Against the Odds, an Orphaned Walrus Calf Lives to Make New Yorkers Smile
To say Mitik has had a difficult childhood would be an understatement.
The orphaned walrus calf — nicknamed Mit — was rescued by a hunting vessel in open waters off the coast of Alaska a few months back.
He was brought to Barrow along with another orphaned walrus, Pakak, and then transported via Anchorage to the Alaska SeaLife Center in Seward, where it was determined that Mit suffered from a number of medical problems, and needed to be fed through a feeding tube.
"It was very touch-and-go for several weeks," SeaLife Center president Tara Riemer Jones told the New York Times. "They were treating him for a lot of different things."
Happily, Mit is now 15 weeks old, 234 pounds, and getting stronger and heavier every day.
Along with his new-found health, Mitik is also getting a new home: Brooklyn's New York Aquarium.
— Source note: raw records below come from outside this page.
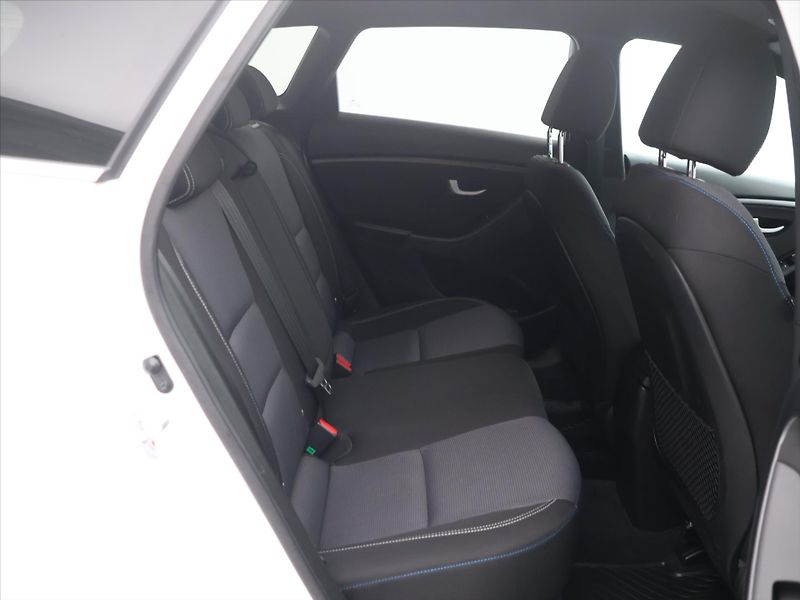 Hyundai i30 1,6 GDI 99kW Weekend Serv.kn. - fotka 13 z 30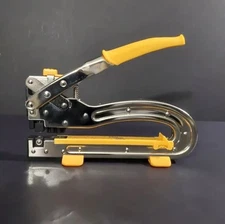 Crop A Dile II Big Bite We R Memory Keepers Hole Punch 6" Reach Tool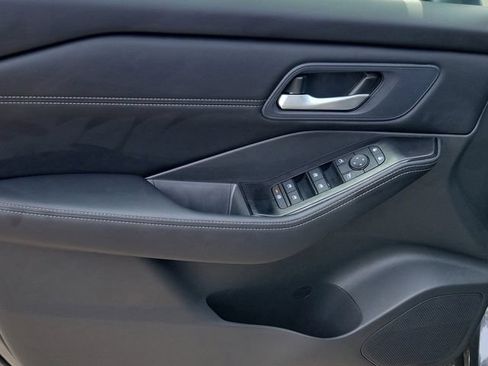 New 2026 Nissan Rogue Dark Armor FWD image 5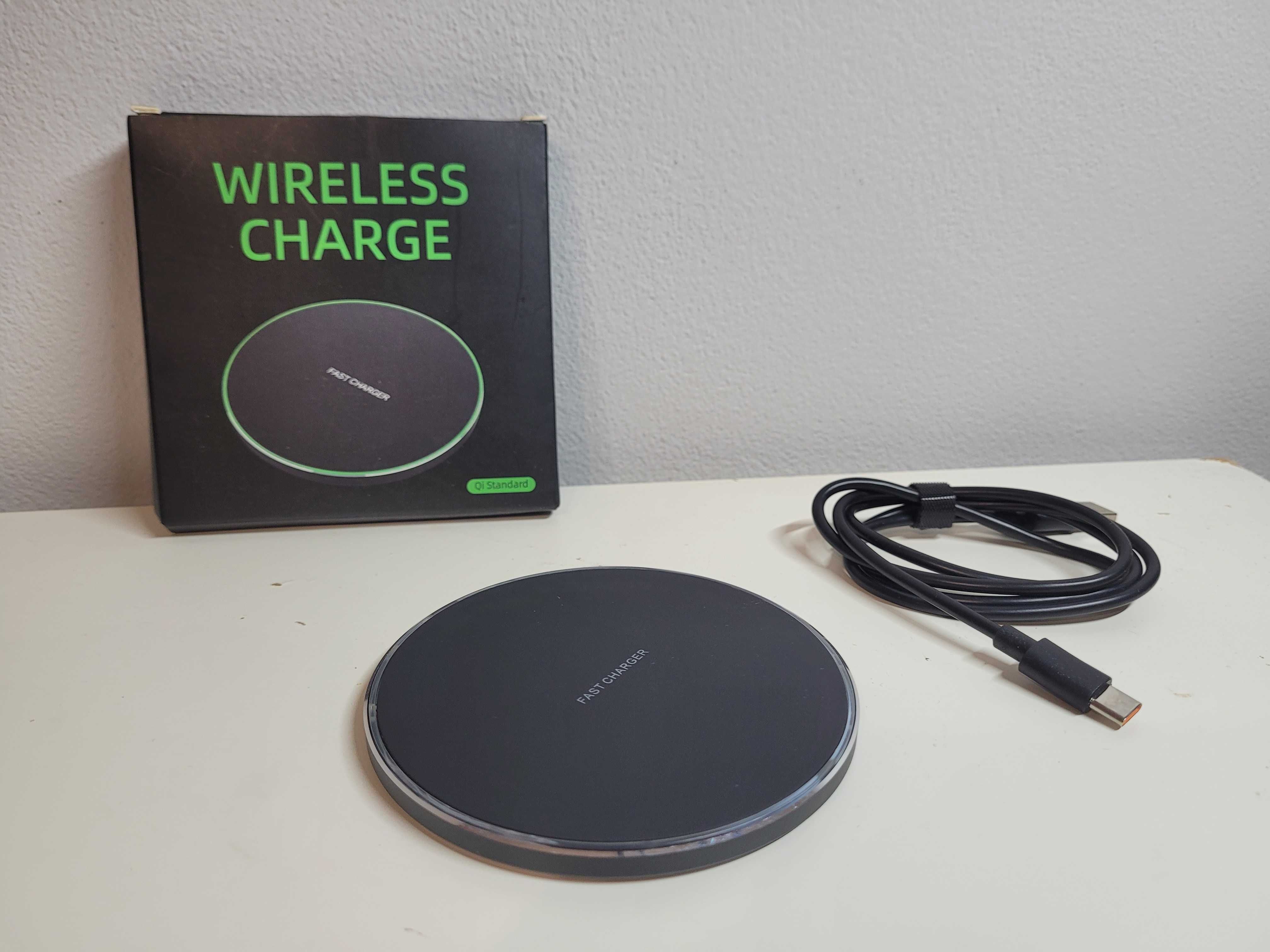 CZARNA ładowarka indukcyjna, bezprzewodowa, stacja ładująca USB-C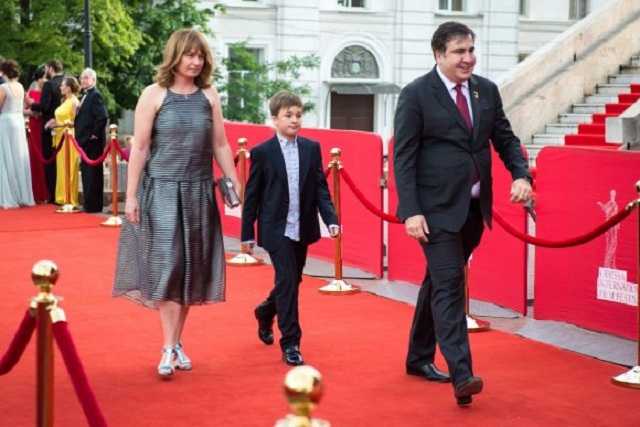 Средневековый мрак президента: нравственной деградации Порошенко нет предела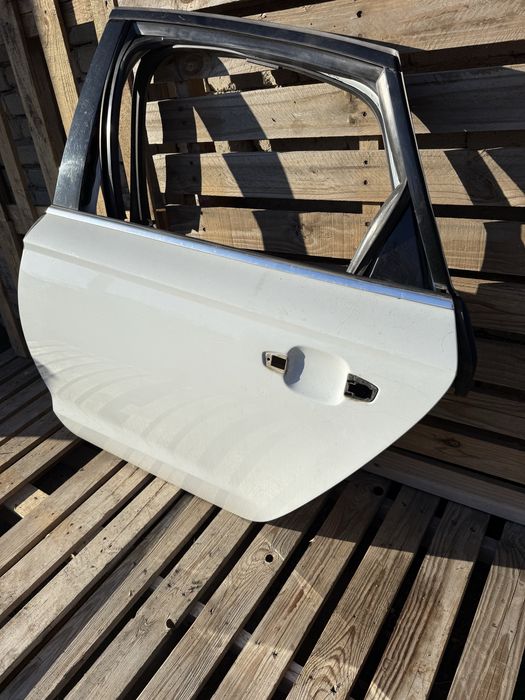 Задна лява врата за audi a6 c7.5 c7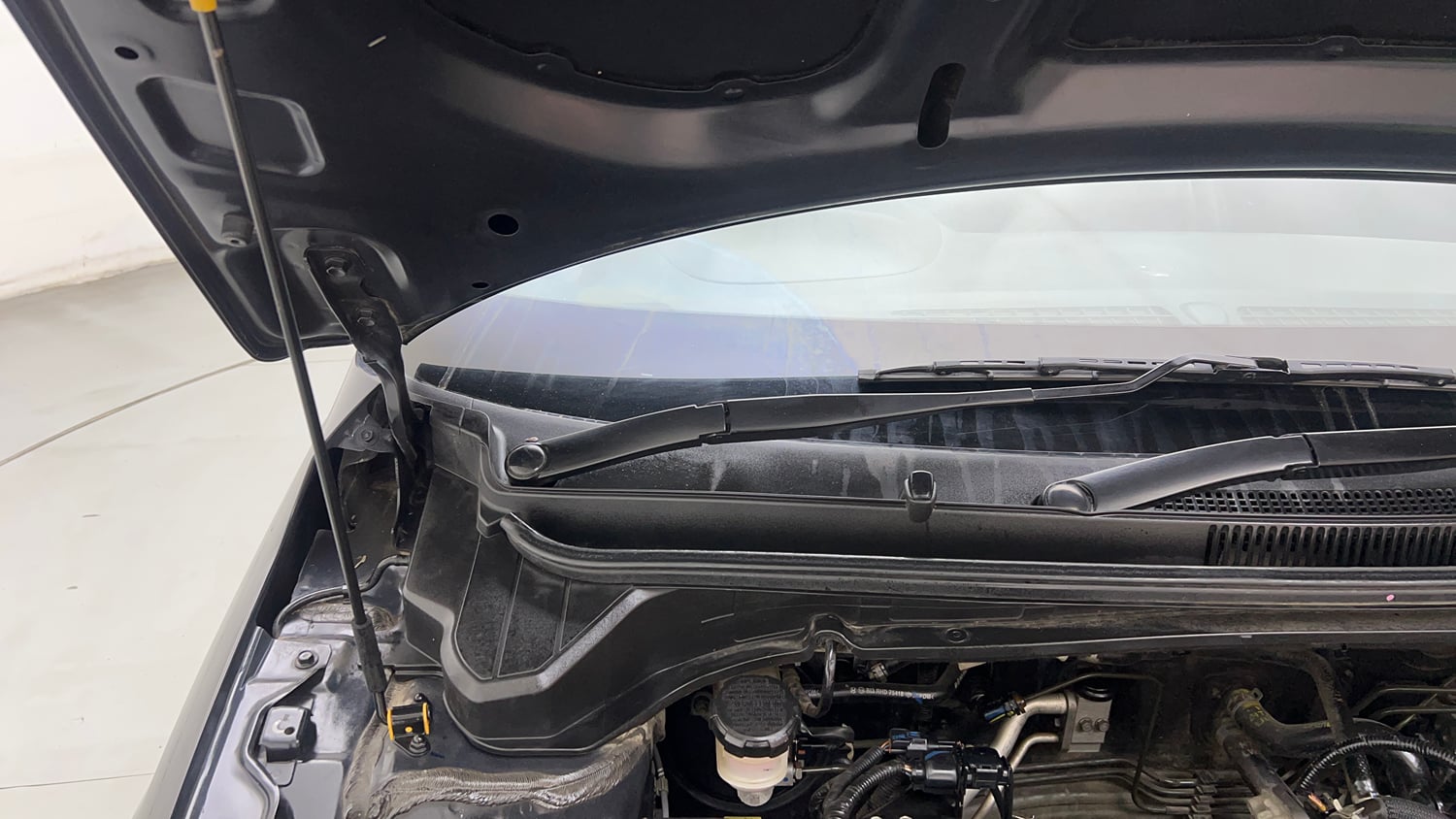 Used 2023 Hyundai New i20 Asta (O) 1.2 MT Petrol Manual engine ENGINE RIGHT SIDE HINGE & APRON VIEW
The Times, which notes that the Coney Island Boardwalk-adjacent institution is "one of only several institutions in the United States that exhibit walruses," explains the significance of Mit's arrival:
One of its two walruses, Nuka, is 30, an old-timer by walrus standards.
Because walruses are such social animals, the aquarium would be hard-pressed to keep the other walrus, the 17-year-old Kulu, were Nuka to die. "Our concern is that our very elderly walrus could pass away, as these things go," Mr. Dohlin said, "and that would leave us in a pickle because we really wouldn't want to have a solitary animal."
Mit, whose "scrappiness" and temperament has labeled him "the perfect New Yorker," will spend some time in quarantine upon his introduction to the aquarium, and isn't scheduled to join the exhibit until next spring.